Hello, total beginner here. I’ve been interesting in, and reading about Bayesian analysis for several months now but never had a simple problem in mind until now. I’d be most grateful if someone might give me some guidance on how to proceed with it?
The data I’d like to explore is the US airports waiting time, as published at awt.cbp.gov. I’ve downloaded the entire dataset and have an app that can filter it by airport terminal and dates, in order to give some idea of the answer to questions like “If I fly into JFK at 1100 on a Wednesday in April on AA, how long should I expect my maximum wait time to be?”, which my app filters and shows as:
Now, I could perform a frequentist analysis on this and come up with a distribution of times, but can I do better with a Bayesian analysis? Could I have a distribution that is taken principally from this series, but is also informed by neighboring weekdays and hours, as well as, maybe, the number of flights arriving in that time window?
In order to do that, do I have to do something like take a flatish prior to build a posterior over all my data, then use that as a prior to the terminal/day/time in question?
Are there any examples I could use to get me going?

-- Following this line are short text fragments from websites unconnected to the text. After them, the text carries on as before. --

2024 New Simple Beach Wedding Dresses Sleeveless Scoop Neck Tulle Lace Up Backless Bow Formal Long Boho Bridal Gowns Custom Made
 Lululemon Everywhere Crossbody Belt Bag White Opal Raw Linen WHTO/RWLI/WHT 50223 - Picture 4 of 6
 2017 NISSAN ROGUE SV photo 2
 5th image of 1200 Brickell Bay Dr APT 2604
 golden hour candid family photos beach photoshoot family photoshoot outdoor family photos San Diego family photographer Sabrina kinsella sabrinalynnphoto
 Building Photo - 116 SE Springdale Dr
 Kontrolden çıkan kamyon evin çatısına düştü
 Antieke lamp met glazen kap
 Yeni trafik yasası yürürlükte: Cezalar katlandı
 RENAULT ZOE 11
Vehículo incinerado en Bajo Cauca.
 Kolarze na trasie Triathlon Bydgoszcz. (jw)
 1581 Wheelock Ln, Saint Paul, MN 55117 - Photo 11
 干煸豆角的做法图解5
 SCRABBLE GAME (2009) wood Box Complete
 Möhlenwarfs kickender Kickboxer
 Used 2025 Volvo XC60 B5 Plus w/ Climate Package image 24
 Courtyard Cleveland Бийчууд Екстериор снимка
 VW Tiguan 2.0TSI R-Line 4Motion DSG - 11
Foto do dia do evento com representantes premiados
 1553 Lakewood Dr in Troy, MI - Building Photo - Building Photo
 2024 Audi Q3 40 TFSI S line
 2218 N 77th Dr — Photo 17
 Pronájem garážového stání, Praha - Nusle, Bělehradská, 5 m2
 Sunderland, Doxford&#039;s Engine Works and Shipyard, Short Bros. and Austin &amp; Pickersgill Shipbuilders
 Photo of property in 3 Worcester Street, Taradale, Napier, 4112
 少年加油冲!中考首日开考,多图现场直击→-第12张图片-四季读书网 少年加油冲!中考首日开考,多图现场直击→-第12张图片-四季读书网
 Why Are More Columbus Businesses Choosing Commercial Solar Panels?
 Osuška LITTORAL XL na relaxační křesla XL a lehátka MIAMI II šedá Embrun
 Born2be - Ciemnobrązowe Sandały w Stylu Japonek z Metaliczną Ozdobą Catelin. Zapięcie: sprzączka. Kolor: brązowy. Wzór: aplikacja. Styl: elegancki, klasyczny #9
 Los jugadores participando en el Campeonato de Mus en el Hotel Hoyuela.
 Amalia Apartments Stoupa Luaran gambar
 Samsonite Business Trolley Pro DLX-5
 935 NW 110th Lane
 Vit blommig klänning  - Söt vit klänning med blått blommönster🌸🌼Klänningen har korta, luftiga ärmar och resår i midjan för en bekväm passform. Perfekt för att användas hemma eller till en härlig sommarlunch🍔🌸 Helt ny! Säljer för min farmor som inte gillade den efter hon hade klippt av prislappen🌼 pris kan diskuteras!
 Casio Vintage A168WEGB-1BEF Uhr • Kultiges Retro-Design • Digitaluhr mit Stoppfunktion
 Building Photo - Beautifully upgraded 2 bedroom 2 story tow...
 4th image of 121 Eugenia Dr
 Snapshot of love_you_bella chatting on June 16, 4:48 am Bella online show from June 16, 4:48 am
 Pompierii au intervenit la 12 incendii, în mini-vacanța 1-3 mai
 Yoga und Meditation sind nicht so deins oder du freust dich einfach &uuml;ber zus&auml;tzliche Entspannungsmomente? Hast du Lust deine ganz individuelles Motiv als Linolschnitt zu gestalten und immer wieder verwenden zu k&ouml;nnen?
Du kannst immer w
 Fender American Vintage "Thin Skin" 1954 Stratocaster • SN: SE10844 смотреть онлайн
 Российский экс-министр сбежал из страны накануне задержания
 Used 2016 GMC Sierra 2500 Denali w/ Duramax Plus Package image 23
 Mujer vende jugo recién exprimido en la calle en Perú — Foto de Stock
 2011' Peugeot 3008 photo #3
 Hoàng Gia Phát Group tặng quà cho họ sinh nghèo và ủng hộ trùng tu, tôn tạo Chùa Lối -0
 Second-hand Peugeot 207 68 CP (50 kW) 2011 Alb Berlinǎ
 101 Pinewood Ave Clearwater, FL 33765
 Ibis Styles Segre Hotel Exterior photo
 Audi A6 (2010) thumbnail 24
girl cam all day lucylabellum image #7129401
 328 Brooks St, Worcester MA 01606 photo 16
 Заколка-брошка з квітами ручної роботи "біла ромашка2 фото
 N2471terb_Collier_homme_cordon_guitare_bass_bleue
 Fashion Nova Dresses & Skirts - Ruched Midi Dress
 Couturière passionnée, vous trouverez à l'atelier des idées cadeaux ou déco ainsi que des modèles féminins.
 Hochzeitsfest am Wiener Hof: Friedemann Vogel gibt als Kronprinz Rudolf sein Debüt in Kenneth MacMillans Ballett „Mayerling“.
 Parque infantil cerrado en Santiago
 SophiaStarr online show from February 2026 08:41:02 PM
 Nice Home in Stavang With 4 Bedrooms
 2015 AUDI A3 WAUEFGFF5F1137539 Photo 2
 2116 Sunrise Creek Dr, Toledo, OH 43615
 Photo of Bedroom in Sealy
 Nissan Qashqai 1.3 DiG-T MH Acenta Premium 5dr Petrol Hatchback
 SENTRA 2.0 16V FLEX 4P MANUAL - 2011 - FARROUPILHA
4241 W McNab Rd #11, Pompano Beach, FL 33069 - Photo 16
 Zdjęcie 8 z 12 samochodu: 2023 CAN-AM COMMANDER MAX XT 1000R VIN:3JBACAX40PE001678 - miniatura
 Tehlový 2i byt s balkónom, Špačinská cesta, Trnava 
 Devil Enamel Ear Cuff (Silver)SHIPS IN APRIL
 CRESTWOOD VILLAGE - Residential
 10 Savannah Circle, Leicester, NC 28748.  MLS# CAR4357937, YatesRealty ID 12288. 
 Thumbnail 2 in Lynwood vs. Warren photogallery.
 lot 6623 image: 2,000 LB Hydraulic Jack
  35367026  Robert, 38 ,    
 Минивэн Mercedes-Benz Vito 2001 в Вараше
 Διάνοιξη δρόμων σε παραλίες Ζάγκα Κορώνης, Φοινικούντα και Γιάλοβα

Another option is that you use a time-series model. That’s more complex, but probably more appropriate for the type of data you’re working with. There are plenty of resources on time-series in PyMC that you can find on google or youtube. You can find a very good intro here: 6. Time Series — Bayesian Modeling and Computation in Python .
Maybe this is too much to take in at once. But it may be useful to have access to several resources in one place, and maybe you can check them up incrementally. Many (as I did) starter with the hierarchical model example and very slowly explored more complex/specific models. May be worth considering starting with a simpler example as well (you’ll probably need different parametrisations for waiting time data, e.g. a Gamma likelihood, etc.). I hope this helps.
Hi @IanW. If this is one of your first models, then I’d recommend starting off with the “time series as regression” type approach. The chapter in Martin, Kumar & Lao is great on this: 6. Time Series — Bayesian Modeling and Computation in Python. But essentially you ignore the temporal ordering of observations and just model your outcomes as some linear combination of predictors. You could have categorical predictors, such as airlines or airport or whatever. You could also have dummy variables that indicate holiday periods. There are lots of ways to then embellish this model so the approach can become half decent. It could be worth thinking about if you didn’t want to dive into actual time series modeling at this point.